On est alors très loin de la mise en valeur spectaculaire des performances du corps dansant. C’est plutôt à un travail de dépouillement que nous sommes confrontés, comme si la danseuse ne distinguait plus le fait d’être son corps de ce que c’est pour l’espace que d’être aussi un corps. Tout espace est, en effet, traversé d’une multiplicité de propriétés physiques et de degrés chiffrés et variables sur l’échelle de chacune d’entre elles. La fluidité des mouvements se déploie dans l’art de la danseuse de faire corps avec le corps de l’espace, étant entendu que ce dernier se définit comme ce croisement incessant de toutes les données gravitationnelles, atmosphériques, calorifères, lumineuses, etc. Elle désigne l’aptitude à se couler dans un milieu sans lui imposer de transformations. La danse décrit exactement ce que c’est qu’être un corps mobile quand on s’est détaché de toute volonté de se faire remarquer comme corps distinct, reconnaissable, identifiable, nommé.

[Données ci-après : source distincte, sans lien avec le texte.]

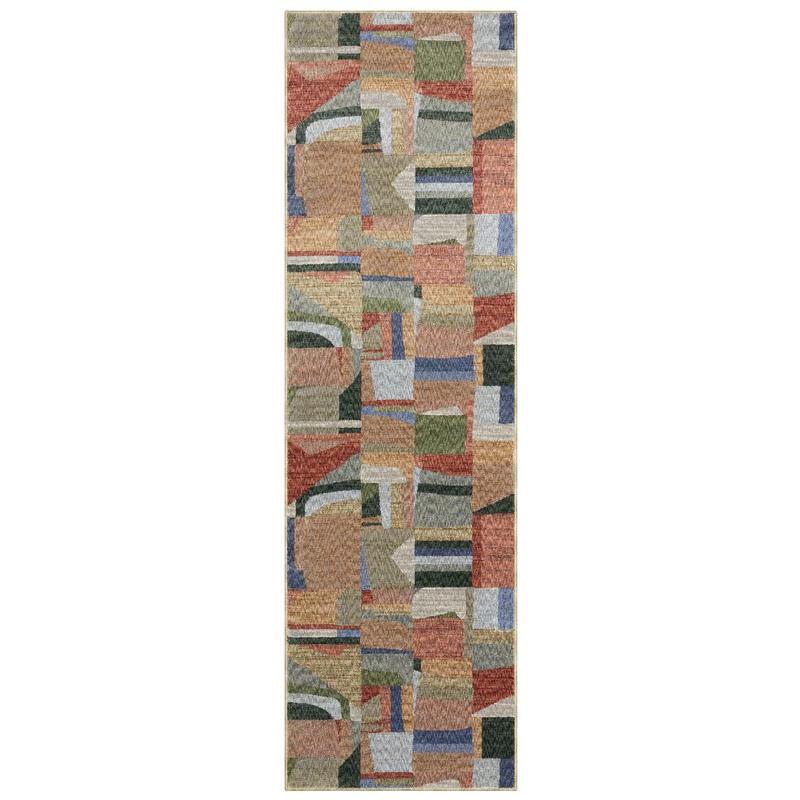 Tisdell TIS09 Multi-colored Indoor Area Rug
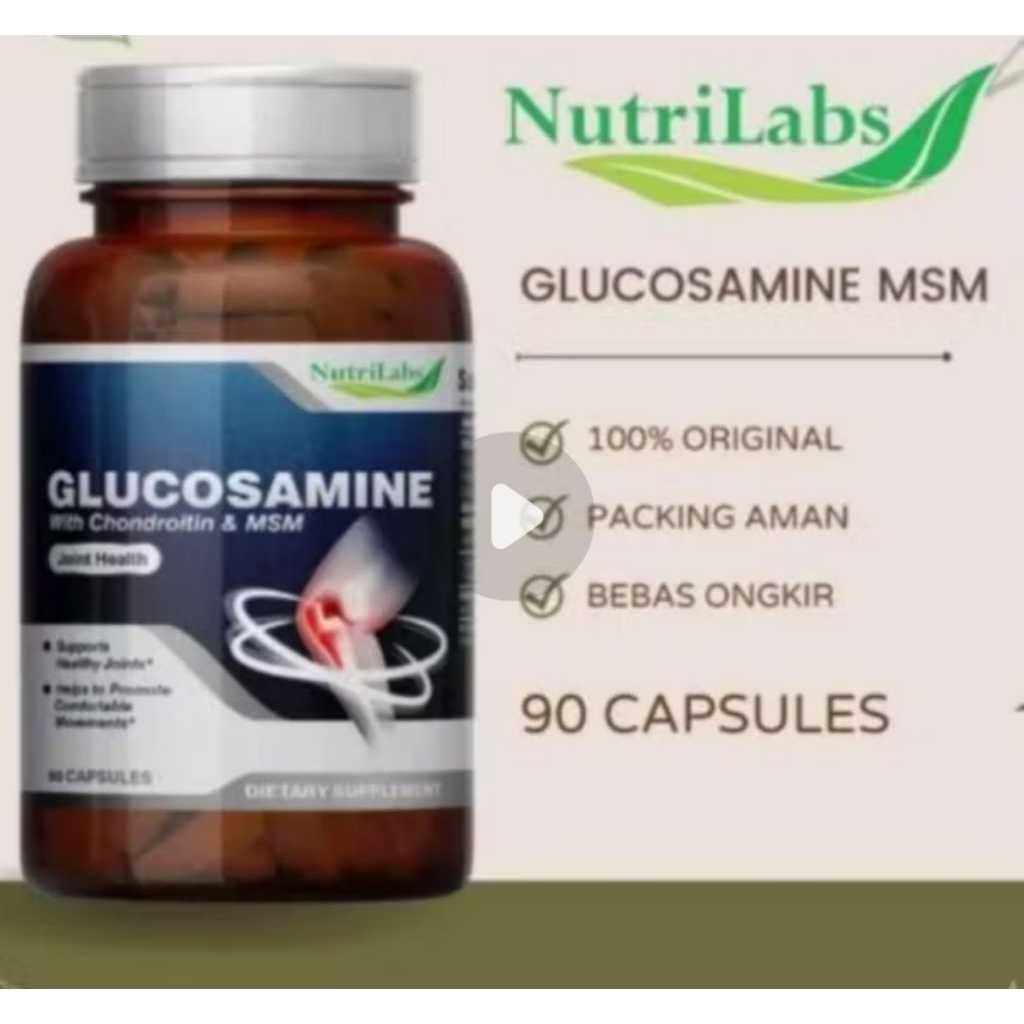 Nutrilabs Glucosamine Chondroitin MSM Suplemen Kesehatan Tulang Sendi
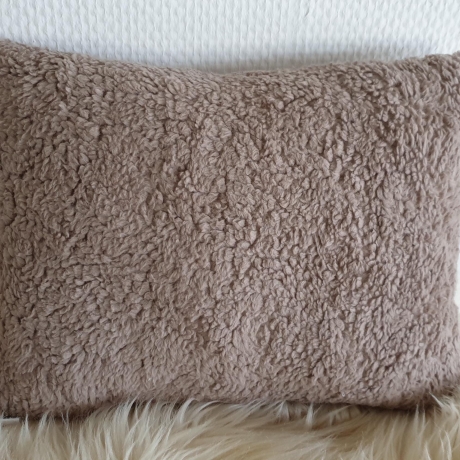 Kissen Bär Teddy Schmetterling beige Karo 3 & Wunschnamen W719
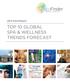 2013 Trend Report. Top 10 Global Spa & Wellness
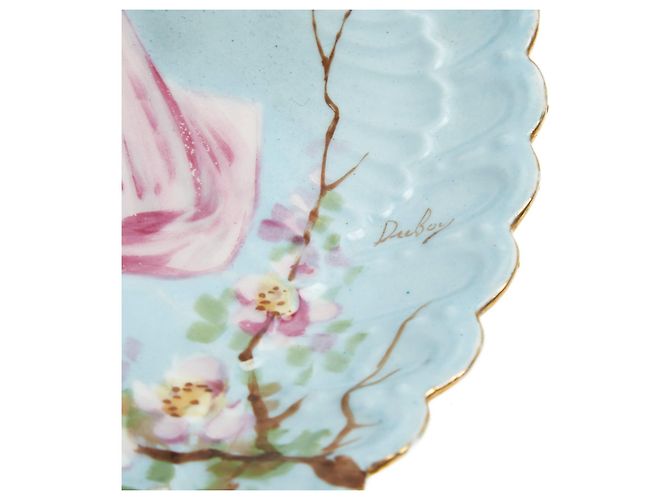 Autre Marque 1850s Paul Duboy set of 2 big ceramic plates Multiple colors - view 9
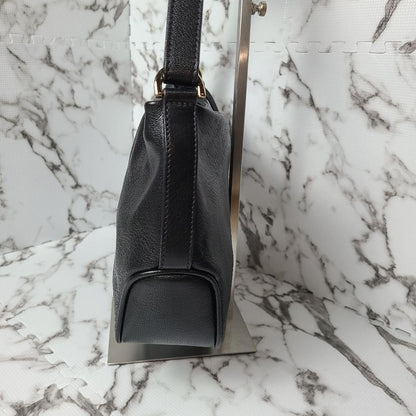 MULBERRY Shoulder Bag Purse Leather Black Authentic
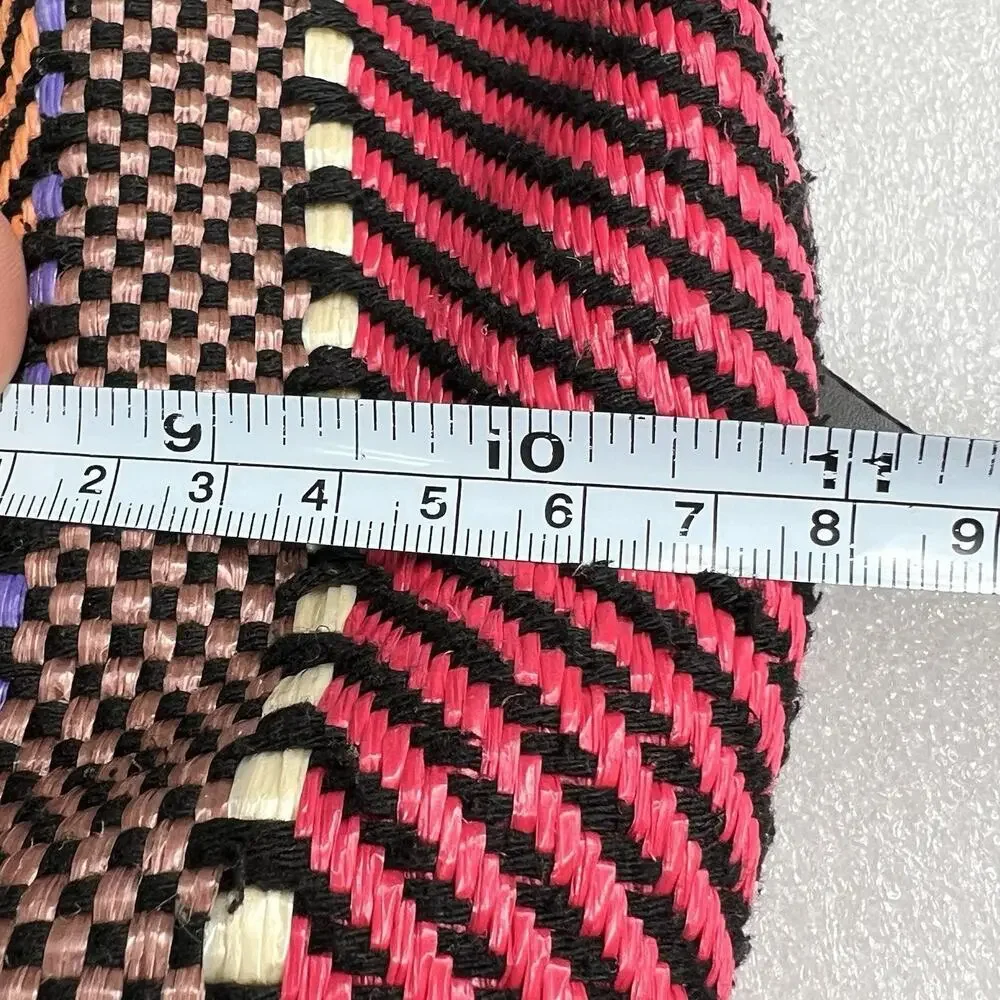 Ted Baker Taliiaa Multicolor Woven Boho Bucket Shoulder‎ Bag Leather Trim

Fluidité, grâce, élégance constituent trois qualités possédant ce point commun d’une recherche d’imperceptibilité. Quand Marcel Proust fait le portrait de Swann, il compose les traits d’un personnage effacé, peu bavard, ne faisant jamais état de ses connaissances en art qui sont pourtant éminentes. Contrairement à ce que l’on pourrait penser, Swann, personnage mondain, habitué des salons de la très haute société parisienne, est un être délicat, presque absent, voire insignifiant. Comme il en était question avec l’exemple de la danse, on retrouve ici cette idée de se confondre avec un fond. Le mondain délicat « fait tapisserie » mais il convient de détacher cette expression de son sens péjoratif. Sa façon d’être est assez « fluide », assez coulante pour ne susciter de la part des autres ni hostilité ni admiration. Faire de la figuration dans une réception ne signifie dés lors rien d’autre que se confondre avec la plasticité donnée d’une certaine ambiance, d’une certaine coloration. La fluidité considérée sous l’angle de l’attitude humaine définit un comportement que l’on pourrait qualifier d’ anti « moi, je ». C’est d’ailleurs ce terme de « fluide » que l’on utilise pour évoquer la nature incompréhensible et irrationnelle d’une entente entre des personnes qui se sont rencontrées pour la première fois tout en ayant le sentiment de s’être « toujours déjà » connues : « un fluide passait entre nous ».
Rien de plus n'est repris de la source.